Cale, ıslak saçını ve kıyafetlerini düzeltirken homurdanmaya başladı. Çok sakin görünüyordu. Ancak tamamen yanarak çıtır çıtır bir arazinin üzerinde duruyordu.

“Benim suyla pek yakınlığım yok mu?”

Cale, Witira ile son karşılaşmasında olanları hatırladı. Suyun yanında olduğu her seferinde sırılsıklam olmaktan hoşlanmıyordu. Çünkü ıslak kıyafetleri can sıkıcı bulmuştu.

Cale, kendisini destekleyen Choi Han’dan uzaklaştı ve dimdik ayağa kalktı. Yaralanmış gibi değildi. Kalbin Canlılığı sayesinde durumu çok iyiydi.

“Hadi gidelim.”

Yürümeye başladı ve Choi Han ile Rosalyn onu takip etti. İkisi gülümsüyordu ama Cale, biraz ötede dimdik ayakta duran Litana’ya yaklaşırken bunu pek umursamadı. Kara Panter’den çoktan inmişti.

“Bayan Lina.”

Litana, onun nazik sesini duyduktan sonra Cale’i açıkça görebiliyordu.

Cale’in iyi olduğunu anlayınca sersemlemiş, diğer her şeye bakıyordu.

Whipper Kingdom’dan çıktıktan sonra başlayan yemyeşil orman ve Orman. Kitaplarda anlatılacak kadar güzel bir yer olan 1. Bölüm artık tamamen yanmış ve kapkara olmuştu.

Bu manzara nefes almasını zorlaştırıyordu.

“Grrrr.”

Cale’i izleyen Litana, onun homurdandığını duyunca Ten’e döndü.

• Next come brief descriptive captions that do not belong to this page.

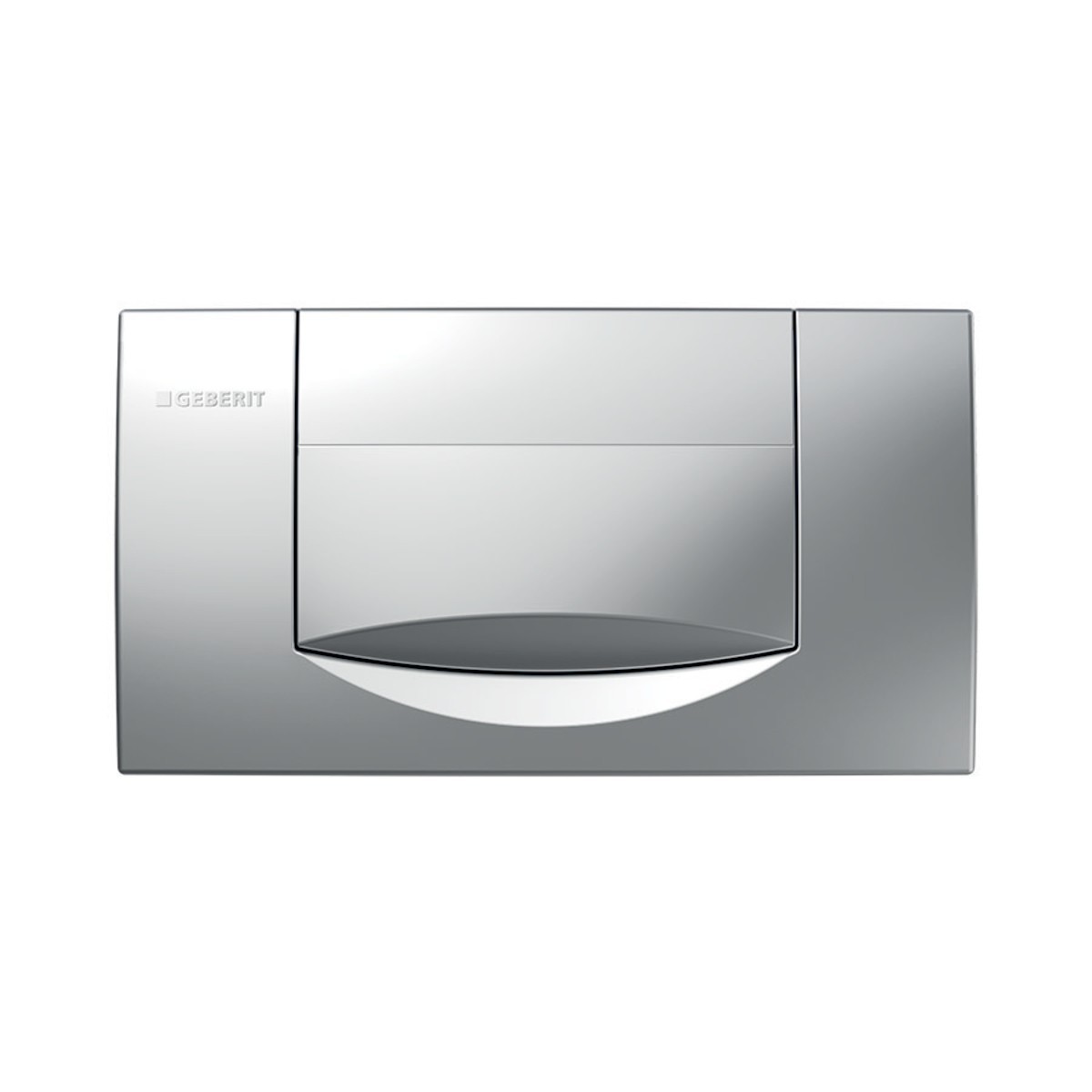 Plaque Geberit 200F carrée interrompable Chromé mat - GEBERIT 115.222.46.1 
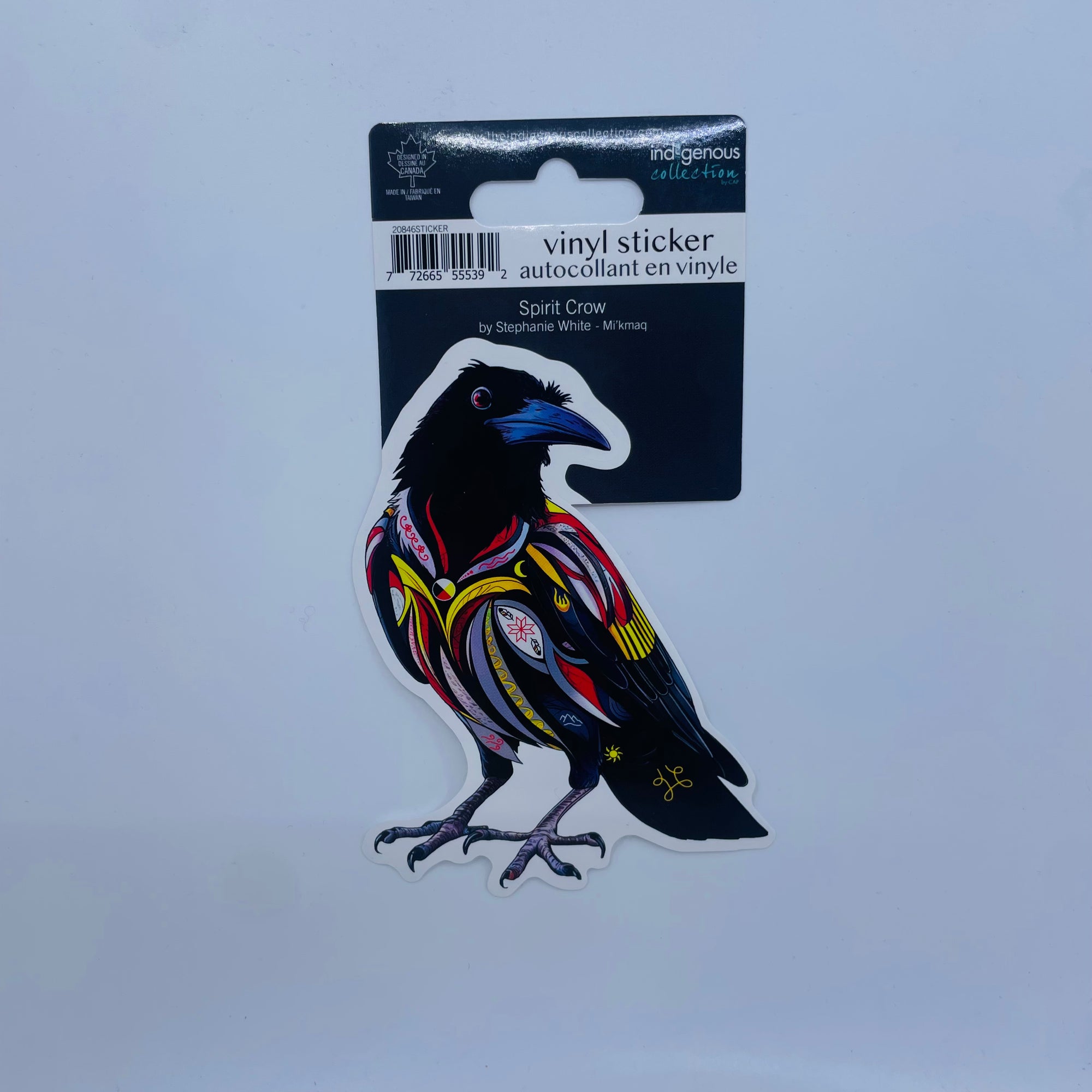 Vinyl Sticker Stephanie White Crow -  - Vinyl Sticker - House of Himwitsa Art Gallery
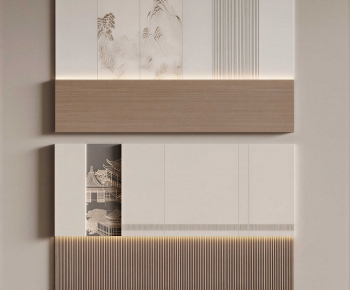 New Chinese Style TV Wall-ID:442840106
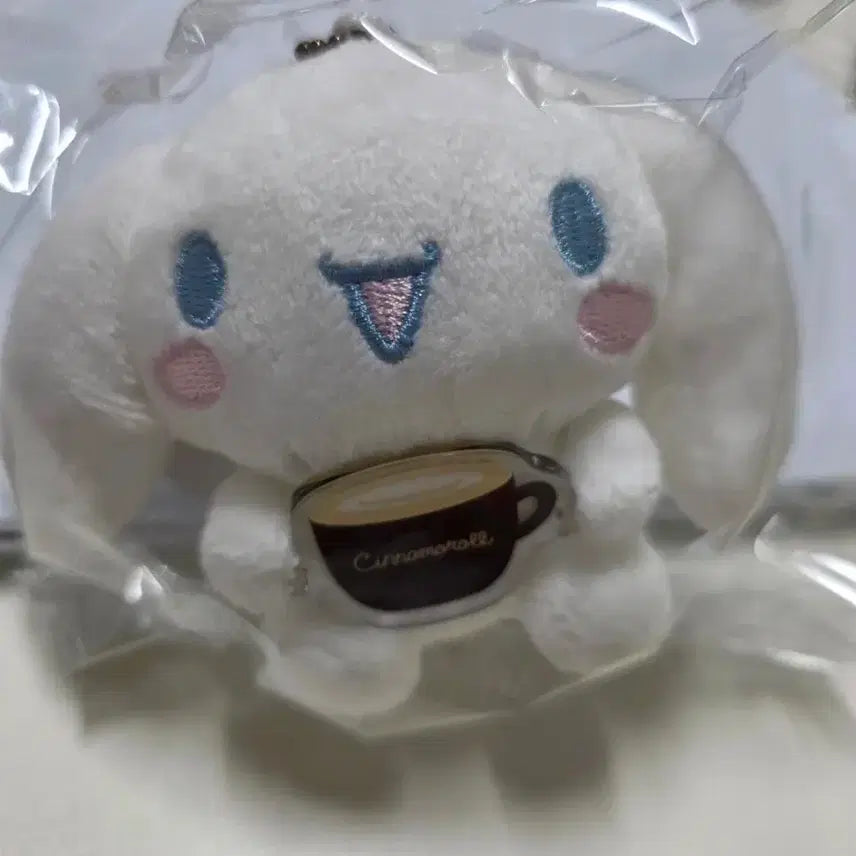 [BUNJANG] Sanrio Cinnamoroll Nescafe Keyring Doll / 산리오 시나모롤 네스카페 키링 인형
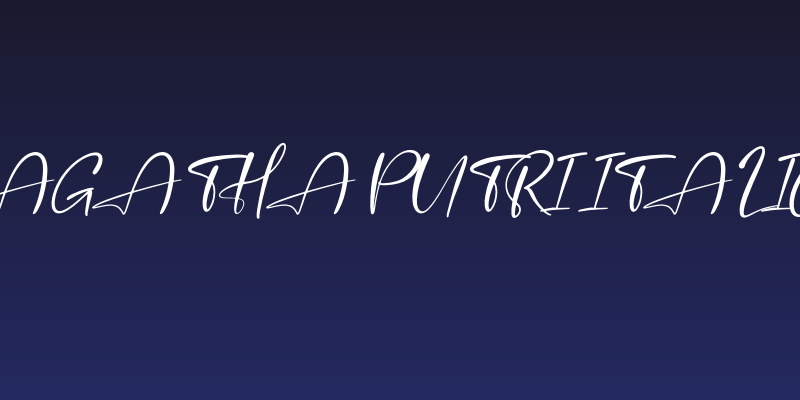 Agatha Putri Italic Social Header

Ten, siyah zemine ve küle dönmüş tüm alana bakıyor ve kafasını yere sürtüyordu. Litana dudaklarını ısırdı.

O anda Cale’in sesini tekrar duyabildi.

“Gitmen gerekiyor gibi görünüyor.”

“…Affedersin?”

Arkasını dönüp ona baktığında işaret ettiği yeri görebiliyordu.

“Ah.”

Astlarını ve güvenli bölgedeki Orman insanlarını ve hayvanlarını görebiliyordu. Şu anda nereye bakması gerektiğini biliyordu. Kara ormana değil onlara bakıyor olmalıydı. Cale’in sesini tekrar duyabiliyordu.

“Burada yapacak bir şeyim kalmamış gibi görünüyor.”

Cale ile göz teması kurmak için arkasını döndü. Sakin ve nazik ama güçlü görünüyordu. Ne yaptığını görmüştü. Su buharı hâlâ göğe doğru yükseliyordu. Bu ateşi söndüren suyu yaratmaktan sorumlu olan oydu.

yanılmıştı. Zayıf bir insan değildi. O güçlüydü.

“…Gücün ne kadarını kullanmak zorunda kaldınız?”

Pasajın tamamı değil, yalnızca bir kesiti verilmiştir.